As the title suggests, the author propels his historical-religious chronicle into the present, a somewhat surprising feature given the tumultuous route religions have taken in the past sixty years in both nations—especially under Communist China’s suppression of religious institutions after ascending to power in 1949 and Japan’s postwar renunciation of State Shinto. But DuBois weaves the threads of his story—and he is a very able storyteller—seamlessly right up to current times, including a coda on how East Asian religions have made an impact in the West.

The book divides into two meta-narratives. The first occupies the first five chapters and tells the familiar story of China’s and Japan’s history, extending into the beginning of the modern era: the Chinese Qing dynasty (1466–1911) and Japanese Tokugawa Shogunate (1603–1868) periods, with his uniquely shaped emphasis on the religious developments of these regions— indigenous Confucianism and Daoism in China and Shinto in Japan and foreign-born Buddhism and Christianity in both (with a brief nod to Islam in China). Each chapter weaves back and forth between the two nations during concurrent centuries, presenting some surprising assessments of familiar events. Meaningfully, the author includes parallel examples with Western history and religion, as well as defends his religious focus on history by arguing, “nobody would think to write a history of the Western world without including religion” (1).

Each chapter weaves back and forth between the two nations during concurrent centuries, presenting some surprising assessments of familiar events.
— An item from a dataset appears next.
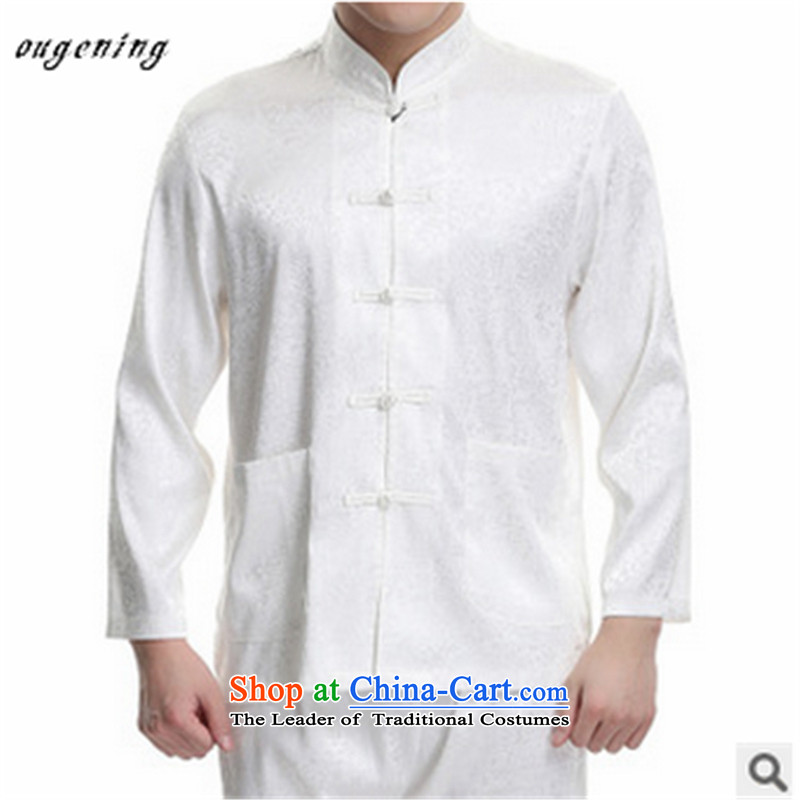The name of the 2015 autumn of the OSCE New China wind in older Men's Shirt with liberal Chinese father l Tang dynasty grandpa red on the riverside of 170, OSCE (ougening lemonade) , , , shopping on the Internet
The start of chapter six marks the beginning of the second narrative, and it comes with a startling discourse on millennialism, beginning with Seventh-Day Adventists in the US. The author contends that such apocalyptic ideations in Asia, usually peripheral in historical narratives, must be examined seriously, for “in order to begin to understand a religion that is not your own, it is important, vital, to develop a sympathy for its beliefs, ethics, rituals, and aesthetics” (125). A 1967 poster of Mao Zedong’s smiling face rising like a radiant sun over rebels marching to overthrow American Imperialism (129) clearly articulates the Communist leader’s messianic fulfillment of six centuries of apocalyptic fervor expressed by various sects collectively referred to as bailian jiao, the White Lotus Teaching. These groups were fueled by the cumulative conditions of agricultural successes, leading to overpopulation and ensuing mass poverty, resulting in the killing of unwanted daughters and producing desperate “bare branches” men with no hope for wives, who thus turned to violent rebellion—the most destructive of which was the Taiping Rebellion that killed some twenty million in the mid-nineteenth century. Millennial thinking also gave rise to jingoistic State Shinto in Japan that elevated the Meiji emperor to the position of an unassailable god and suppressed Buddhism as a foreign ideation blamed for bringing disaster to Japan upon the invasion of American warships in the port of Edo in 1853.

In another lengthy but fascinating tangent, chapter nine begins by discussing Karl Marx’s theory of religion, its brutal translation in Soviet Russia, and more nuanced interpretation by Mao. The postwar era has also witnessed the continued creation of millennial sects, some of which are known from news accounts in the West, such as Chinese Falungong or Japanese Aum Shinrikyo. Today, both Christianity and Confucianism are also resurgent.

DuBois’s prose is engaging and accessible. It helps if the reader has some background in the history of East Asia when reading the first part, especially, because he sweeps through centuries, people, places, and events somewhat cursorily. Most helpful are the glossary and timelines in the back of the text, along with suggestions for further reading, but the comprehensive arc of his narrative may leave the untutored behind. For this reason, I am hesitant to recommend this text for high school teaching except to the most advanced groups. The book would supplement well other course texts on East Asian history or religion at the college and graduate school level.